Grazie ad una sapiente stesura del colore, gli oggetti ritratti affiorano nei loro toni brillanti da uno sfondo monocromo, che li connette indissolubilmente trasportandoli all’interno di una dimensione altra, uno spazio indefinito i cui confini oltrepassano i limiti reali della tela fornendoci l’illusione di una traccia di infinito tangibile.
Ad introdurre il testo critico è una citazione di Italo Calvino da Lezioni americane: “E allora mi prende un’altra vertigine, quella del dettaglio del dettaglio del dettaglio, vengo risucchiato dall’infinitamente piccolo, come prima mi disperdevo nell’infinitamente vasto”.
Il curatore internazionale Massimo Scaringella ci aiuta in questo modo a comprendere la poetica alla base del lavoro artistico di Costanza Alvarez de Castro, la sua “attenta lettura e interpretazione di ciò che ci circonda”, mettendo in luce il concetto fondante di “contraddizione dell’immaginario”: quel magnetico convogliarsi di finito e infinito messo abilmente in scena nelle opere.
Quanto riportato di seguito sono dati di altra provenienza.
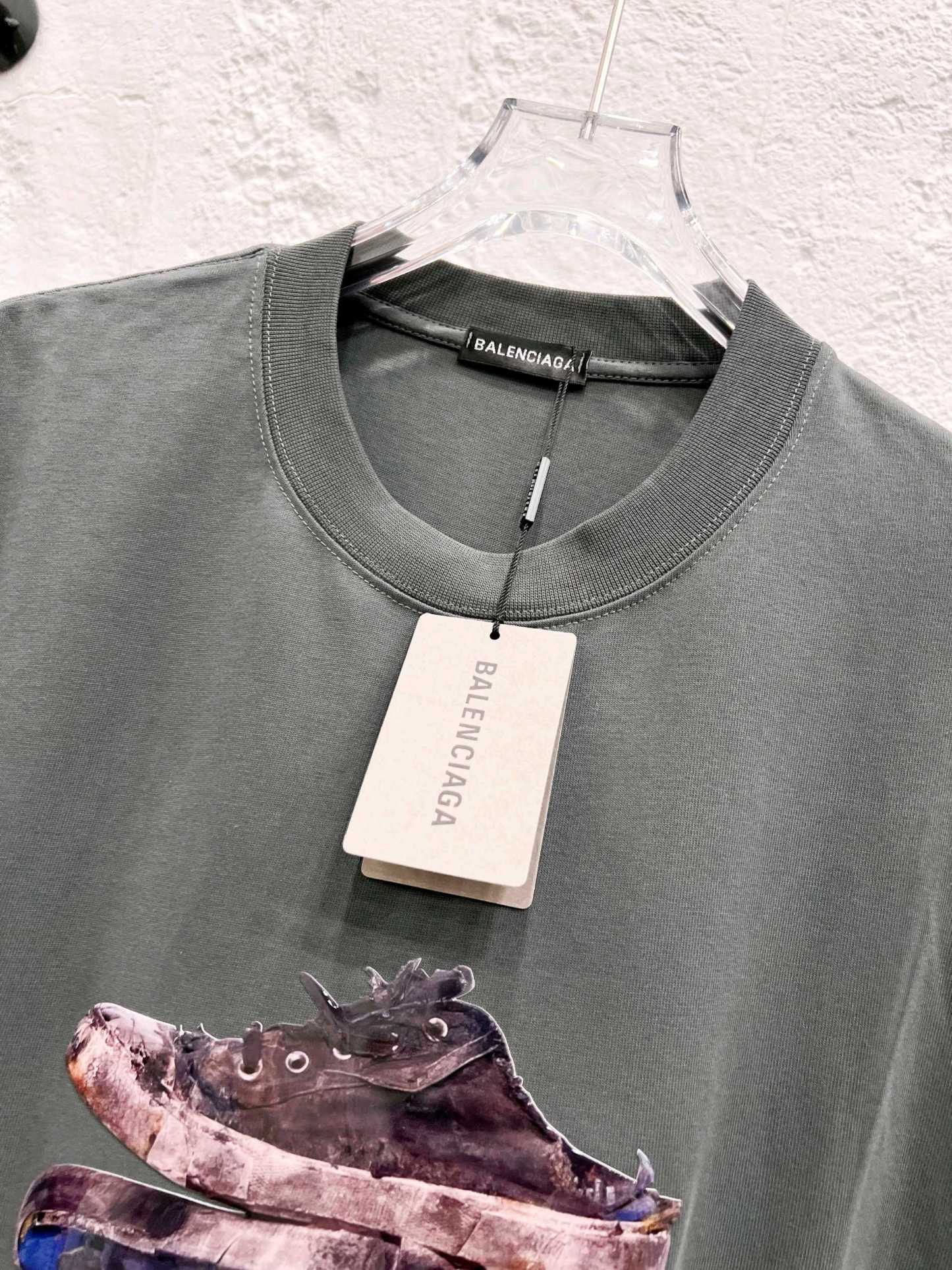 バレンシアガ「Balenciaga」ハイネックプレミアムコットン半袖Tシャツ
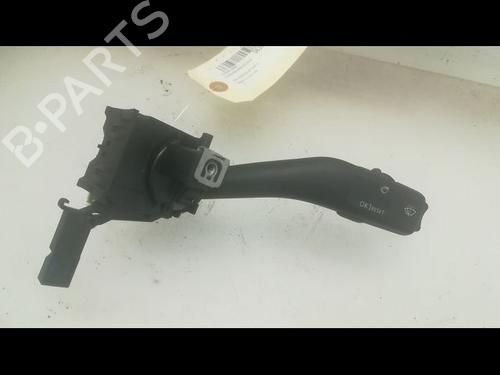 Used Steering column stalk Steering column stalk VW JETTA III (1K2) 1.9 TDI (105 hp) 9599734 9599734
Costanza Alvarez de Castro nasce a Roma nel 1989, da padre italiano e madre di El Salvador. Dopo una laurea in Economia per la cooperazione internazionale e lo sviluppo, decide di dedicarsi interamente all’arte e alla pittura. I primi passi li muove nella scenografia per cinema e teatro, assistendo nel 2011 il maestro scenografo Jean Rabasse per la realizzazione del film “Io e Te” di Bernardo Bertolucci. In seguito si iscrive all’Institut Superieur de Peinture Van Der Kelen et Logelain di Bruxelles. Nel 2013 cura la pittura dei fondali del Teatro dell’Opera di Roma.
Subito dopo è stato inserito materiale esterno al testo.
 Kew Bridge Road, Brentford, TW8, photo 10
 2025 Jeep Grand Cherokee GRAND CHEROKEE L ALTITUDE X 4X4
Esauritesi le incursioni nella scenografia, decide di dedicarsi esclusivamente alla pittura da cavalletto. È del 2015 la prima mostra personale, curata da Valentina Moncada presso lo Spazio Cerere. Del 2016 sono la seconda mostra personale, “Natura in Scena”, svoltasi presso lo Spazio Makemake a cura di Giovanni Argan, e la donazione al Palazzo di Cosenza della tela Martinello per una mostra collettiva a cura di Roberto Bilotti. Tra il dicembre 2017 e il febbraio 2018 realizza un’altra esposizione personale, “Giorno di festa”, presso Spazio Menexa a Roma. (aise)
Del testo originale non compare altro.